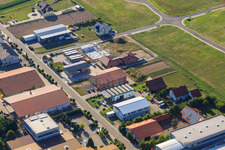 Im Gerueut industrial estate from the east in Hatzenbühl in the state Rhineland-Palatinate, Germany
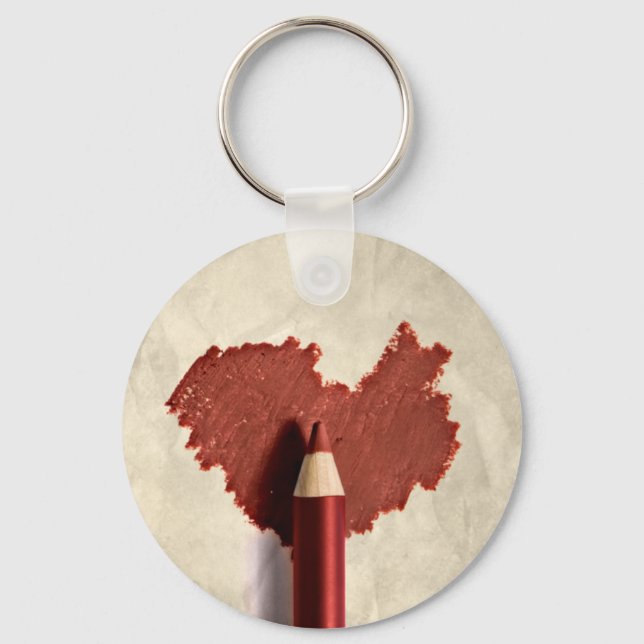 Sketched Scribbled Heart Schlüsselanhänger (Vorderseite)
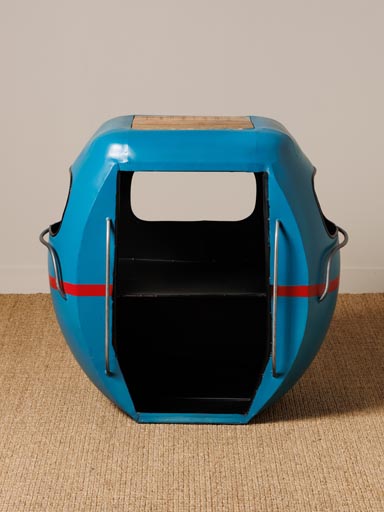 Blue cable car bedside table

========================================================================

DIRECTIONS FOR THIS TASK.
Leave the images out and give the rest of the data again exactly.

TASK OUTPUT.
 Im Gerueut industrial estate from the east in Hatzenbühl in the state Rhineland-Palatinate, Germany
 Sketched Scribbled Heart Schlüsselanhänger (Vorderseite)
 Blue cable car bedside table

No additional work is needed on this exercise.